La paz no consiste en una mera
ausencia de guerra ni se reduce a asegurar el equilibrio de las distintas
fuerzas contrarias ni nace del dominio despótico, sino que, con razón, se
define como obra de la justicia. Ella es como el fruto de aquel orden que el
Creador quiso establecer en la sociedad humana y que debe irse perfeccionando
sin cesar por medio del esfuerzo de aquellos hombres que aspiran a implantar en
el mundo una justicia cada vez más plena. En efecto, aunque fundamentalmente el
bien común del género humano depende de la ley eterna, en sus exigencias
concretas está, con todo, sometido a las continuas transformaciones ocasionadas
por la evolución de los tiempos; la paz no es nunca algo adquirido de una vez
para siempre, sino que es preciso irla construyendo y edificando cada día.
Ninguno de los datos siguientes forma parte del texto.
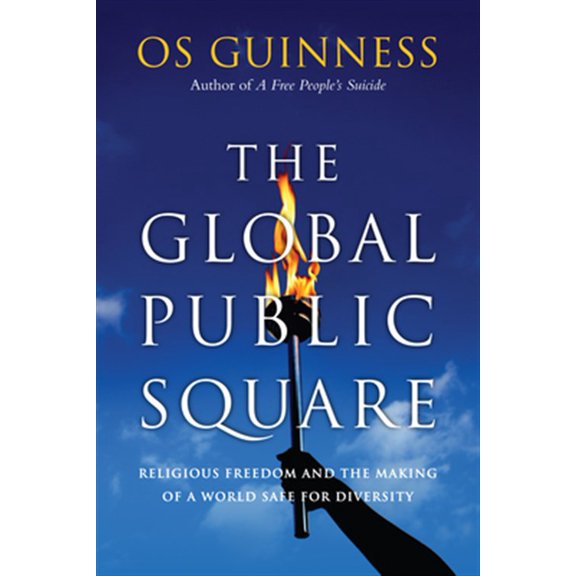 Pre-Owned The Global Public Square: Religious Freedom and the Making of a World Safe for Diversity (Paperback) 0830837671 9780830837670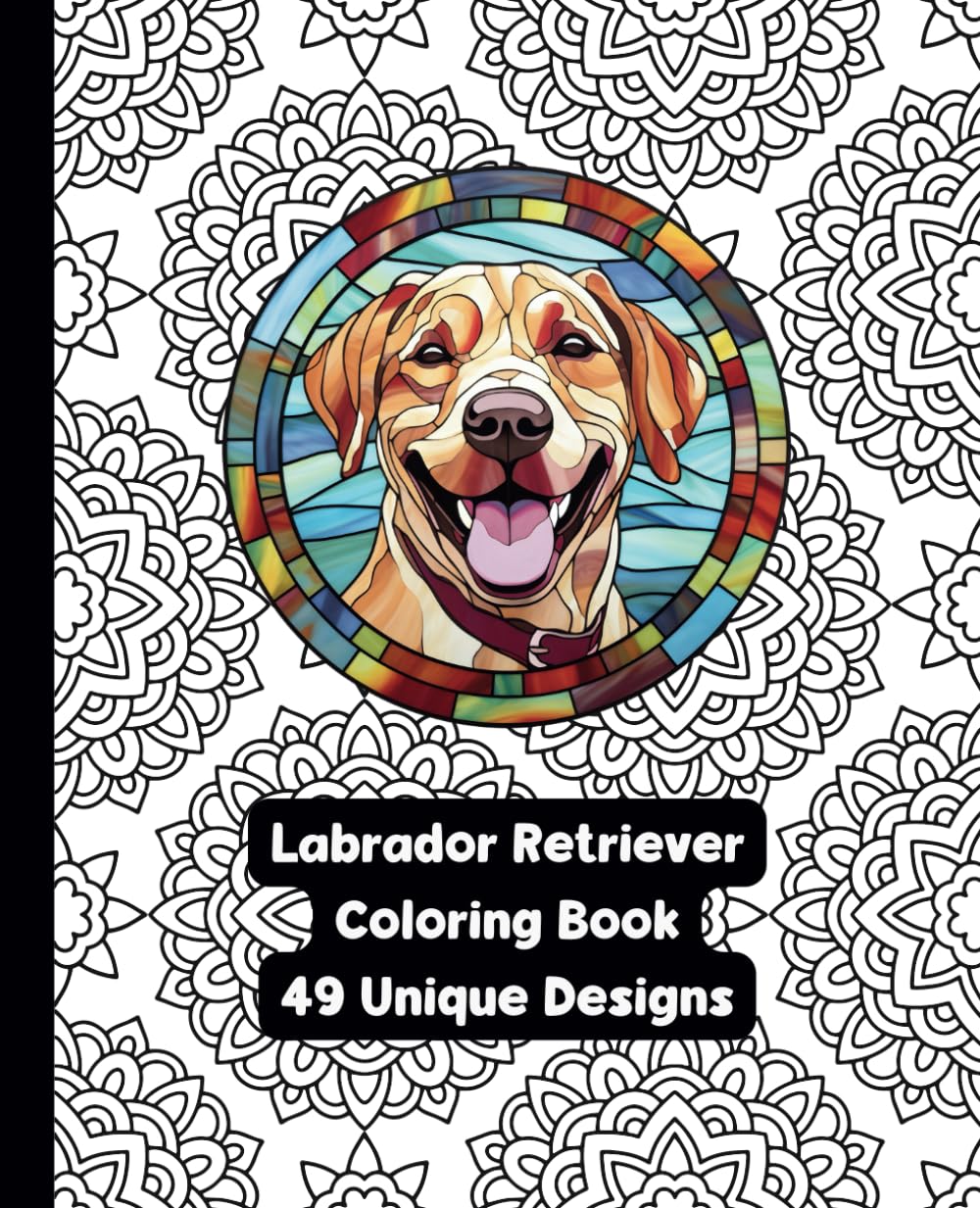 Labrador Retriever - Adult Coloring Book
Como
además la voluntad humana es frágil y está herida por el pecado, el
mantenimiento de la paz requiere que cada uno se esfuerce constantemente por
dominar sus pasiones, y exige de la autoridad legítima una constante
vigilancia.
Y todo esto es aún insuficiente. La
paz de la que hablamos no puede obtenerse en este mundo si no se garantiza el
bien de cada una de las personas y si los hombres no saben comunicarse entre sí
espontáneamente y con confianza las riquezas de su espíritu y de su talento.
La firme voluntad de respetar la
dignidad de los otros hombres y pueblos y el solícito ejercicio de la
fraternidad son algo absolutamente imprescindible para construir la verdadera
paz. Por ello puede decirse que la paz es también fruto del amor; que supera
los límites de lo que exige la simple justicia. La paz terrestre nace del amor
al prójimo, y es como la imagen y el efecto de aquella paz de Cristo, que
procede de Dios Padre. En efecto, el mismo Hijo encarnado príncipe de la paz,
ha reconciliado por su cruz a todos en un solo pueblo y en un solo cuerpo. Así
ha dado muerte en su propia carne al odio y, después del triunfo de su resurrección,
ha derramado su Espíritu de amor en el corazón de los hombres.
Por esta razón todos los cristianos
quedan vivamente invitados a que, realizando la verdad en el amor, se unan a aquellos
hombres que, como auténticos constructores de la paz, se esfuerzan por
instaurarla y rehacerla.
Movidos por este mismo espíritu, no
podemos menos de alabar a quienes, renunciando a toda intervención violenta en
la defensa de sus derechos, recurren a aquellos medios de defensa que están
incluso al alcance de los más débiles, con tal de que esto pueda hacerse sin
lesionar los derechos y deberes de otras personas o de la misma comunidad.